10. The compression latch of claim 1, wherein the linear actuator comprises an engagement member comprising a top portion connected to the handle.

11. The compression latch of claim 10, wherein the top portion of the engagement member is connected to the handle by a transverse handle pin.

12. The compression latch of claim 10, wherein the engagement member comprises a bottom portion configured to receive the rod, the bottom portion comprising a slanted transverse slot to receive a transverse rod.

13. The compression latch of claim 12, wherein the bottom portion of the engagement member is positioned within the compression latch body.

14. The compression latch of claim 13, wherein the top portion of the engagement member extends through a first end of a transverse hole to the first side of the compression latch body and the rod extends through a second end of a transverse hole to the second side of the compression latch body.

15. The compression latch of claim 12, wherein the linear actuator comprises a fixed sleeve surrounding the bottom portion of the engagement member, the fixed sleeve comprising a receiving slot configured to receive the transverse rod.

16. The compression latch of claim 15, wherein the receiving slot comprises an upper portion, a middle portion and the lower portion configured to provide a guide for the transverse rod during rotation of the handle in the x-y plane.

17. A compression latch comprising:

a compression latch body comprising a first side and a second side opposite the first side with a transverse hole from the first side to the second side;

a handle extending from the first side and rotatable in an x-y plane;

a rod extending through the transverse hole to the second side in a direction normal to the x-y plane;

a latch pawl connected to the rod, the latch pawl adjustable along the rod; and

a linear actuator connected to the handle and the rod, such that rotation of the handle in a first rotational direction within the x-y plane moves the rod in a first linear direction normal to the x-y plane and rotation of the handle in a second rotational direction opposite the first rotational direction moves the rod in a second linear direction opposite the first linear direction, the linear actuator comprising: an engagement member comprising an upper portion extending through the transverse hole to the first side and a lower portion within the compression latch body, the upper portion connected to the handle, the lower portion configured to receive the rod and connected to the rod by a transverse rod, the lower portion comprising a slanted transverse slot to receive the transverse rod; and a fixed sleeve surrounding the lower portion of the engagement member, the fixed sleeve comprising a receiving slot configured to receive the transverse rod.

18. The compression latch of claim 17, wherein the compression latch body further comprises a recessed portion on the first side, the handle is shaped to fit within the recessed portion, the handle is connected to the engagement member by a transverse handle pin, the transverse handle pin defines an axis about which the handle may fold from an extended position from the compression latch body to a folded position within the recessed portion of the compression latch body, the handle unable to rotate while in the folded position.

19. The compression latch of claim 17, wherein the receiving slot comprises an upper portion, a middle portion and a lower portion configured to provide a guide for the transverse rod during rotation of the handle in the x-y plane.

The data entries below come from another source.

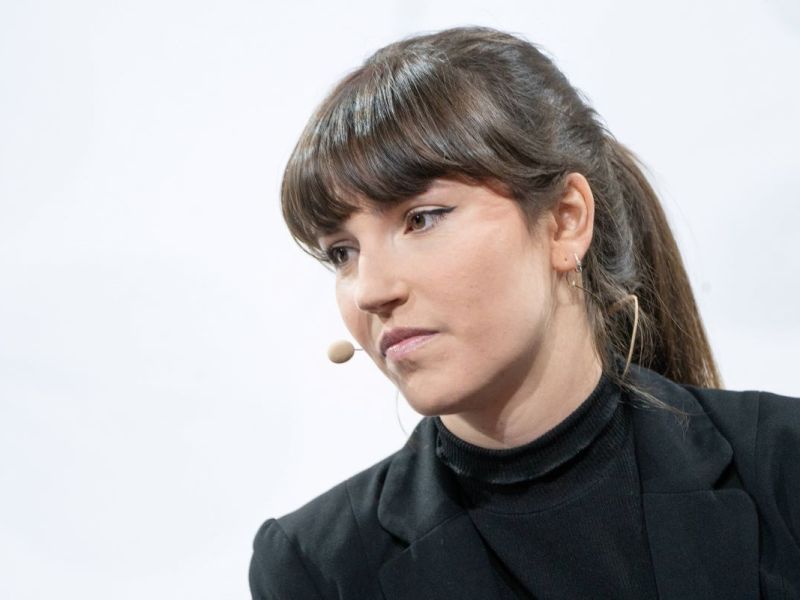 Carla Hinrichs bei einer Klimakonferenz von DER SPIEGEL und der Boston Consulting Group (BCG).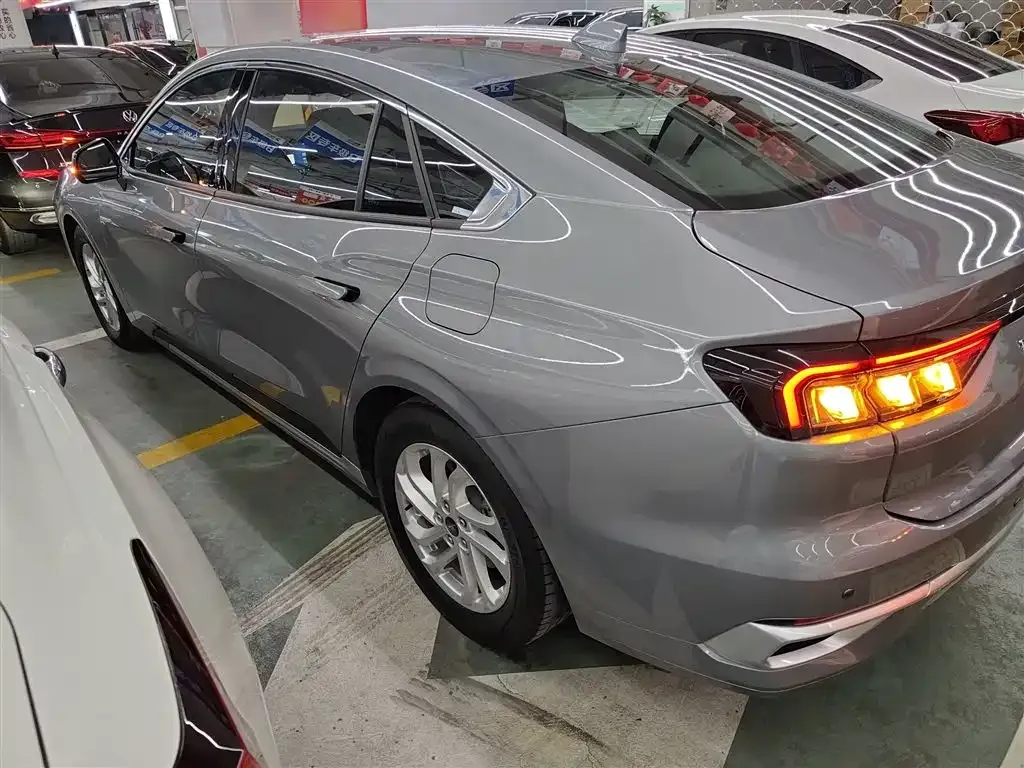 Ford Mondeo 2023 из CN, фото 5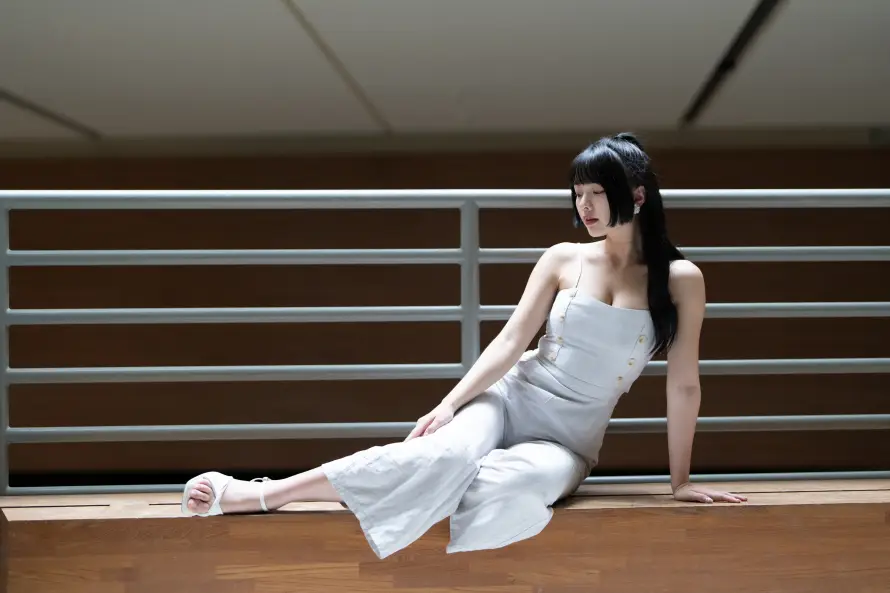 4k凉鞋壁纸 - 室内 - 御姐 - 电脑「哲风壁纸」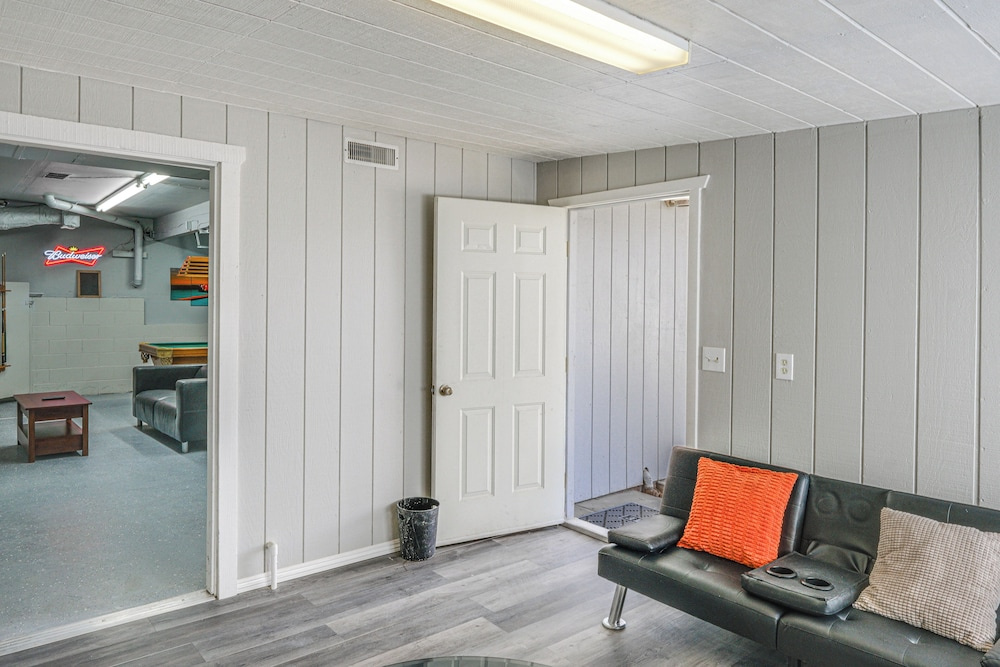 Mtn-view Getaway w/ Game Room, 1 Mi to Kern River!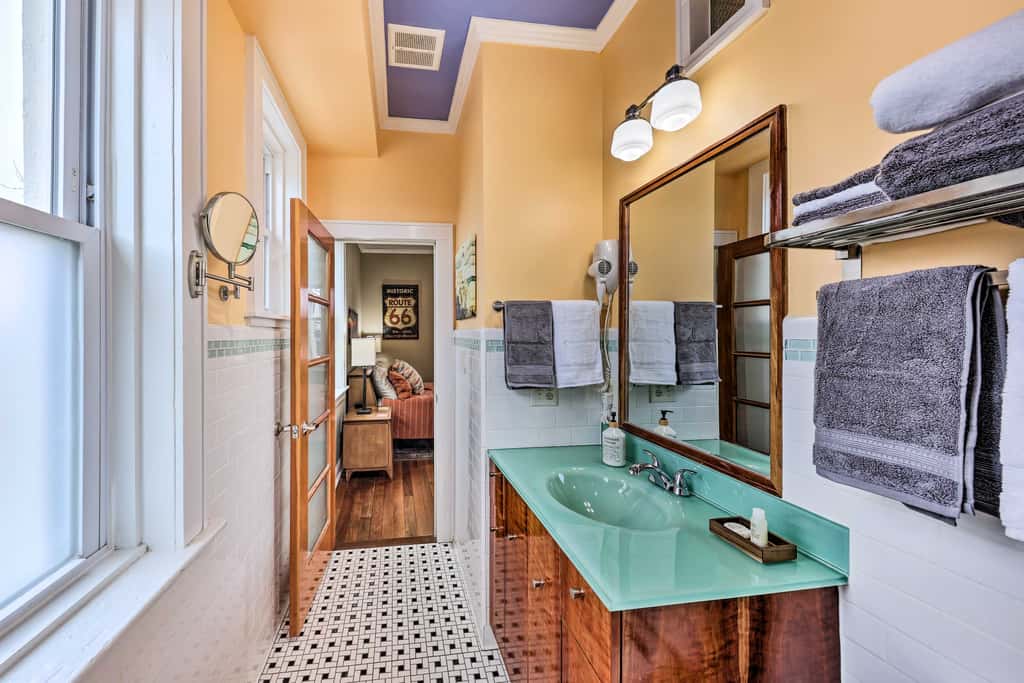 Unique Kansas City Apt: Walk to KC Streetcar Stop!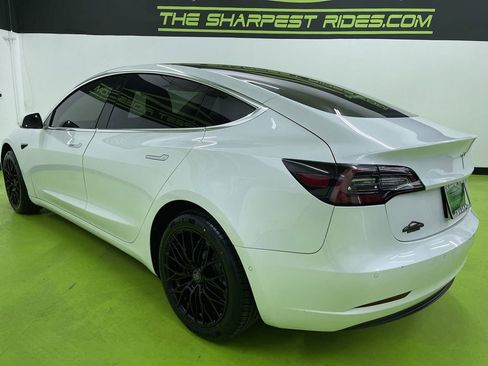 Used 2020 Tesla Model 3 Standard Range Plus image 7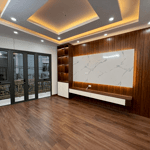 Nhà nguyễn chính, mới, kinh doanh, thang máy, ngõ thông, 38mx5t, 10.9 tỷ.
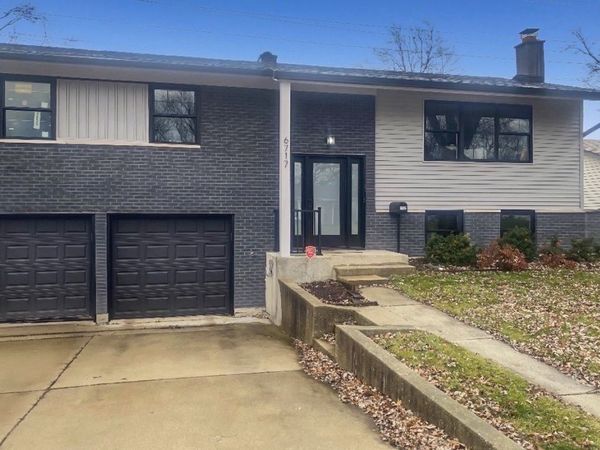 6717 Patton Drive, Woodridge, IL 60517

20. A linear actuator comprising:

a transverse rod;

an engagement member configured to rotate in an x-y plane, the engagement member configured to receive the transverse rod and connected to the engagement member, the engagement member comprising a transverse slot to receive the transverse rod; and

a sleeve fixed in all directions and surrounding at least a portion of the engagement member, the sleeve comprising a receiving slot configured to receive the transverse rod such that rotation of the engagement member in a first rotational direction within an x-y plane moves the transverse rod in a first linear direction normal to the x-y plane and rotation of the engagement member in a second rotational direction opposite the first rotational direction moves the transverse rod in a second linear direction opposite the first linear direction.